10. St. Bonaventure (18-15, 6-10): Head coach Mark Schmidt decided to return after flirting with the possibility of returning to Boston College, his alma mater this summer. The Bonnies lost their top two scorers but return big man Yousou Ndoye (10.2, 5.7 RPG), who has gotten better each year, and the versatile Jordan Gathers (8.2). Junior Dion Wright (8.7, 4.7 RPG) is a prime candidate for a breakout while seniors Andrell Cumberbatch (8.2, 4.0 RPG) and Chris Dees will provide leadership and depth. The key for the Bonnies will be how quickly their talented newcomers adept to the D-I game. Junior Marcus Posley, who played at Ball State his freshman year, is the most ready of the recruits to contribute immediately but a lot is also expected of junior college transfer Iakeem Alston along with redshirt freshman Jalen Adams and true freshman Jordan Tyson.

11.Saint Louis (27-7, 13-3): St. Louis is 1 of 10 programs to win an NCAA tournament game the last three years but expect an up-an-down campaign with five new starters. The Billikens, who led the conference in scoring defense last year, are one of the youngest teams in the NCAA with six freshmen. Junior guard Austin McBroom (7.3) is the top returnee but the Billikens will also have the services of Villanova transfer Achraf Yacoubou, who is a three-point specialist.

12. George Mason (11-20, 4-12): Mason will have to cut down its turnovers – 13.6 a game – will be key for the Patriots to improve their first-year conference win total. All-Conference Rookie team selection Jalen Jenkins (7.2, 6.0 RPG) and junior guard Patrick Halloway (8.7, 41.1 3-pt percentage) are candidates to have big seasons. Georgia Tech transfer Julian Royal is the top newcomer.

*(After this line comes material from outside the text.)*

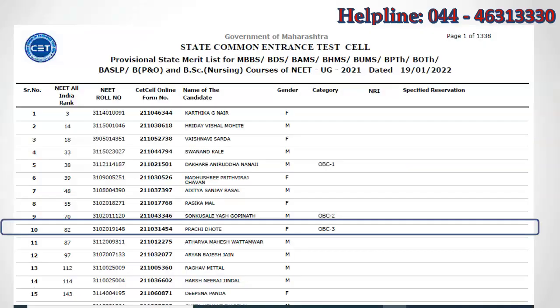You can download the Maharashtra State Merit List by visiting the SAID CELL website. The first column represents Maharashtra state rank, the second column represents NEET UG All India rank, and the third column represents the NEET roll number. You can find your reservation category and category rank by looking for your NEET roll number. For example, All India rank 82, Prachi got state rank 10 and OBC category rank 3.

13. Davidson (20-13, 15-1 in Southern Conference): Davidson enters its first season in the A-10 this year after being the dominant program in the Southern Conference for years. The Wildcats have won 20 games in 8 of the past 10 seasons but won’t likely come close to that total this year –it will likely take a couple of years for the program to retool its roster to match the physicality and athleticism of the A-10. Returnees Tyler Kalinoski (11.0 PPG, 5.0 RPG and 3.4 APG), Brian Sullivan (12.9) and Jack Gibbs (6.8) form a formable backcourt unit. Kalinoski, who led the team in assists and steals, and Sullivan are both deadly from the perimeter. Six-foot-7 freshman Peyton Aldridge is versatile and the most promising newcomer.

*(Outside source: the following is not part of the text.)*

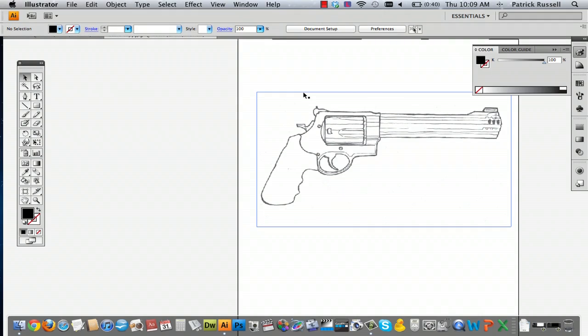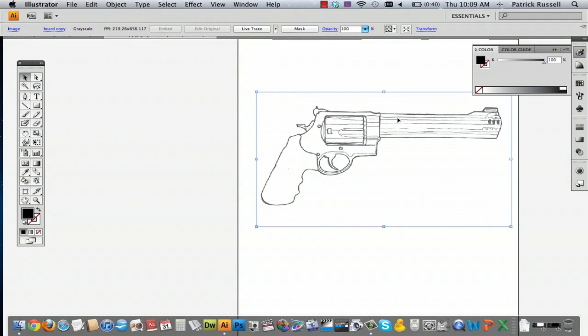The first thing you're going to want to do is open your drawing in Illustrator. When your drawing pops up on the screen, you're going to want to click it. The cool part about Illustrator is it can live trace for you, which just means that it follows your drawing and will basically remake your drawing for you with its tools.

14. Fordham (10-21, 2-14): Fordham has only produced two winning A-10 seasons since joining the conference in 1996 – the Rams are just 34-85 under fifth-year coach Tom Pecora. The Rams return four starters, including one of the league’s brightest young stars in sophomore Jon Severe (17.2). Junior guard Mandell Thomas(11.9, 4.2 RPG) and 6’6” freshman Eric Paschall are other players to watch.